==== GIVEN MATERIAL

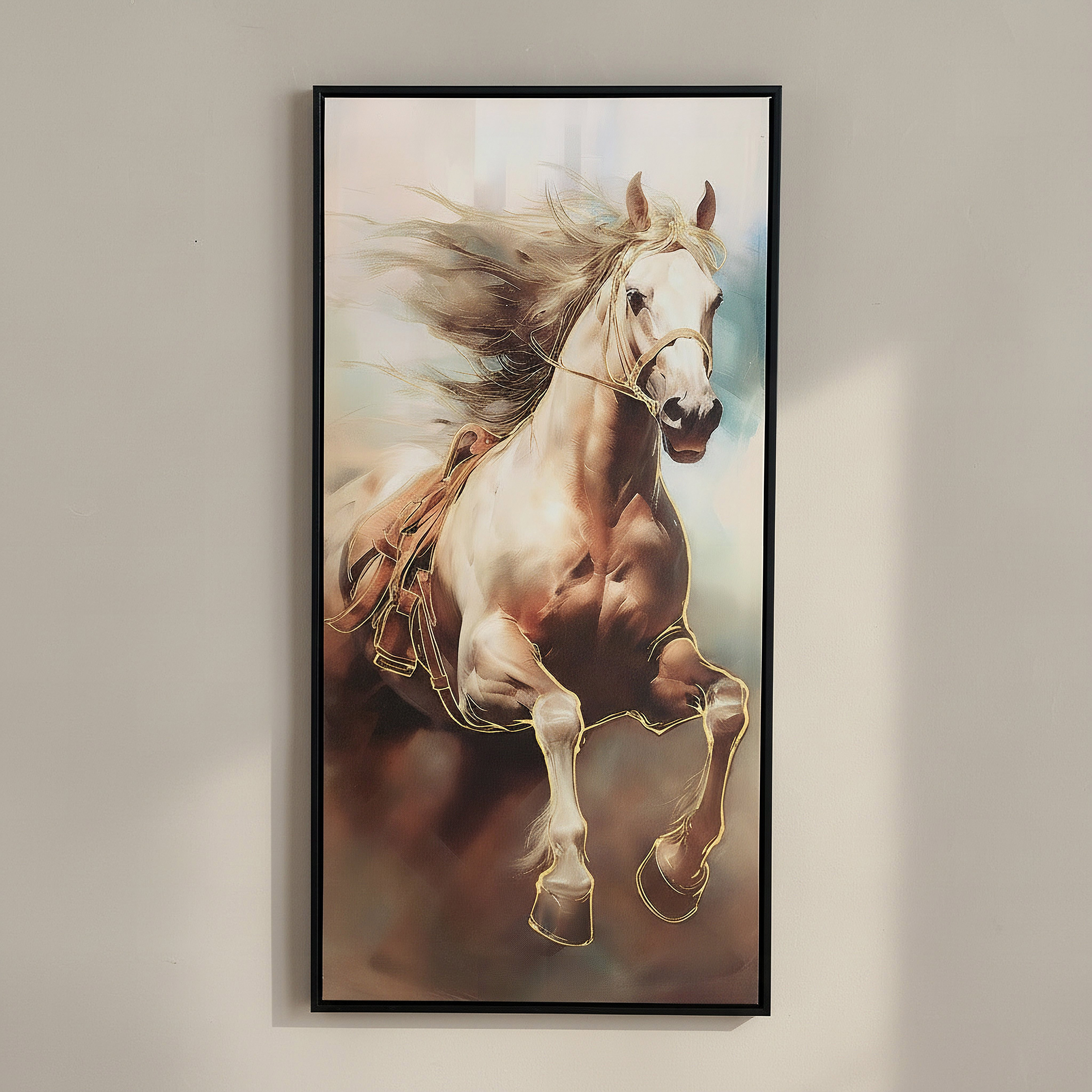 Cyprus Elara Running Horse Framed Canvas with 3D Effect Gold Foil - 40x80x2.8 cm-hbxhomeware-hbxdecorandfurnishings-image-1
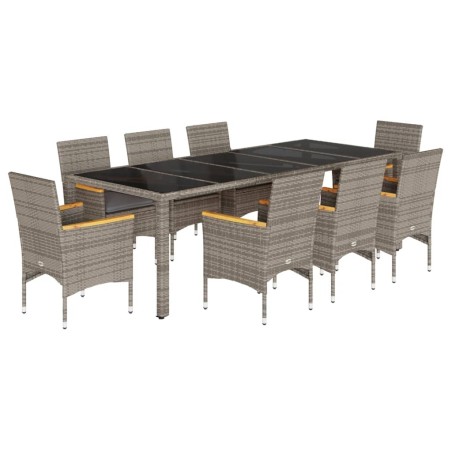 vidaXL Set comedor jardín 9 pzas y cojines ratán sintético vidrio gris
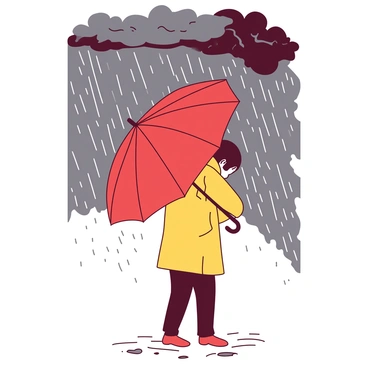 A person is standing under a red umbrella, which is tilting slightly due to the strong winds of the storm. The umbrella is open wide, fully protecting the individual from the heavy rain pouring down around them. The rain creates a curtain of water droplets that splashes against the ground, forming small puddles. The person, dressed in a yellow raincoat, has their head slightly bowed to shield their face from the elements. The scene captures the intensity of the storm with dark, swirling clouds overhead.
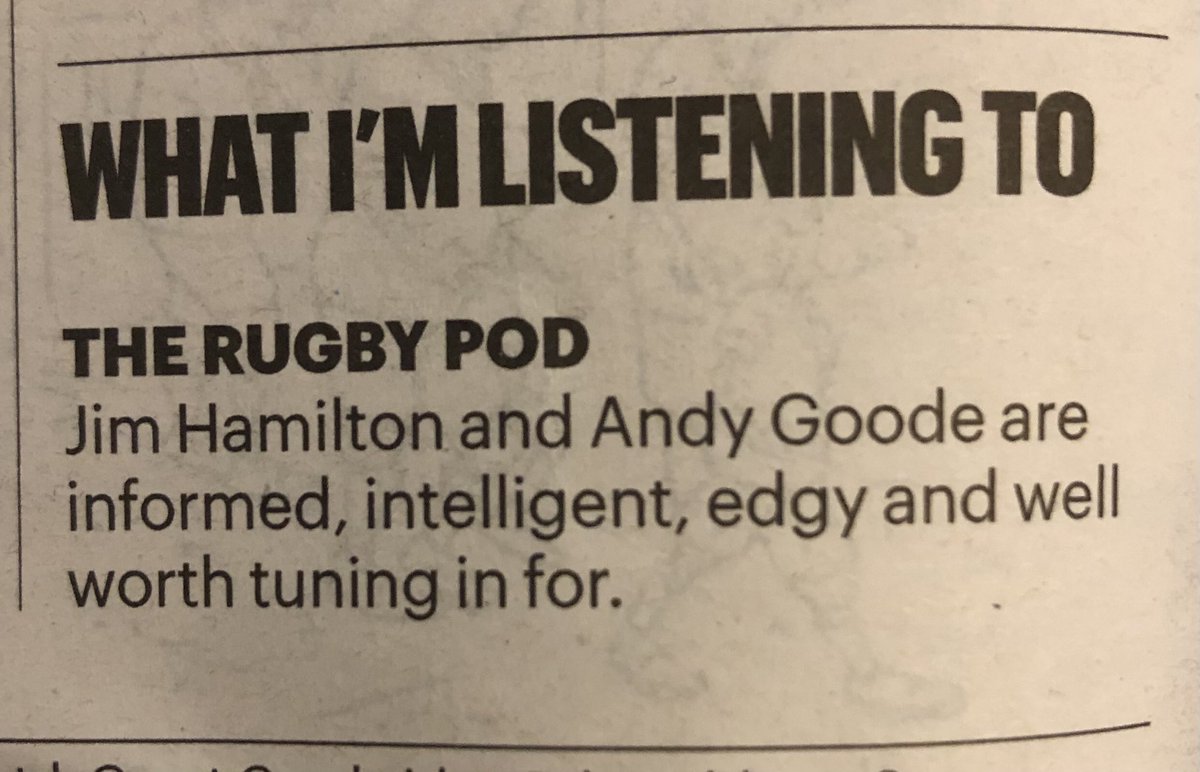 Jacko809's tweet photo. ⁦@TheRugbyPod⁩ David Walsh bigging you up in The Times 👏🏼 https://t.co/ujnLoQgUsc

========

== YOUR OBJECTIVE ==
Copy out exactly, without any pictures, the lines above that begin at the one with "A person is" and end at the last line of the listing.

== ANSWER ==
 A person is standing under a red umbrella, which is tilting slightly due to the strong winds of the storm. The umbrella is open wide, fully protecting the individual from the heavy rain pouring down around them. The rain creates a curtain of water droplets that splashes against the ground, forming small puddles. The person, dressed in a yellow raincoat, has their head slightly bowed to shield their face from the elements. The scene captures the intensity of the storm with dark, swirling clouds overhead.
 Jacko809's tweet photo. ⁦@TheRugbyPod⁩ David Walsh bigging you up in The Times 👏🏼 https://t.co/ujnLoQgUsc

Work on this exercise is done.